Antarctic air still has about 70–80% of the thermal energy that “room temperature air” has; in Kelvin, we’re talking about the difference between 290 K and 230 K, or something along those lines. So if air-cooled nuclear reactors aren’t feasible in temperate climates, I’m skeptical that they would be feasible in Antarctica.

As well, land vehicles are much more sensitive to weight than are water vehicles. The delta-T problem you cite, plus the low thermal conductivity of air vs water implies the radiators are huge. Huge = heavy. Heavy = bad.

The need to rad-shield a reactor in a fairly small, confined space is also real unhelpful.

Don’t forget the specific heat of air vs. that of water. Changing the temperature of a volume of water takes a lot of energy, but changing the temp of the same volume of air takes roughly 1/4 as much.

So you have to heat up four times as much air by volume as you would water.
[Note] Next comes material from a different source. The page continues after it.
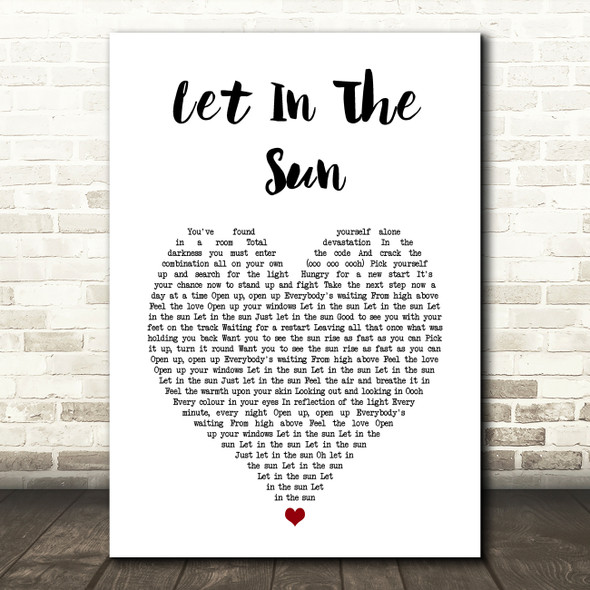 Take That Let In The Sun White Heart Song Lyric Art Print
So since you don’t have that much heating room to begin with, like @MikeS points out, and you’re having to use four times the volume, it’s probably not feasible.

You might, however, be able to scoop up a big bunch of snow every so often, and dump it when it gets too hot. That way, you’d still get the specific heat of water, as well as the heat of fusion.

It’d leave a huge mess in your wake, of course.

It’s been done before, though. McMurdo hosted a nuclear reactor for a decade. Unfortunately, it did have some safety issues and so it was decommissioned.

The Antarctic Treaty does prohibit nuclear weapons testing and the disposal of nuclear waste on the Antarctic continent. But as noted by Dr. Strangelove above (irony!), actual nuclear reactors are not prohibited.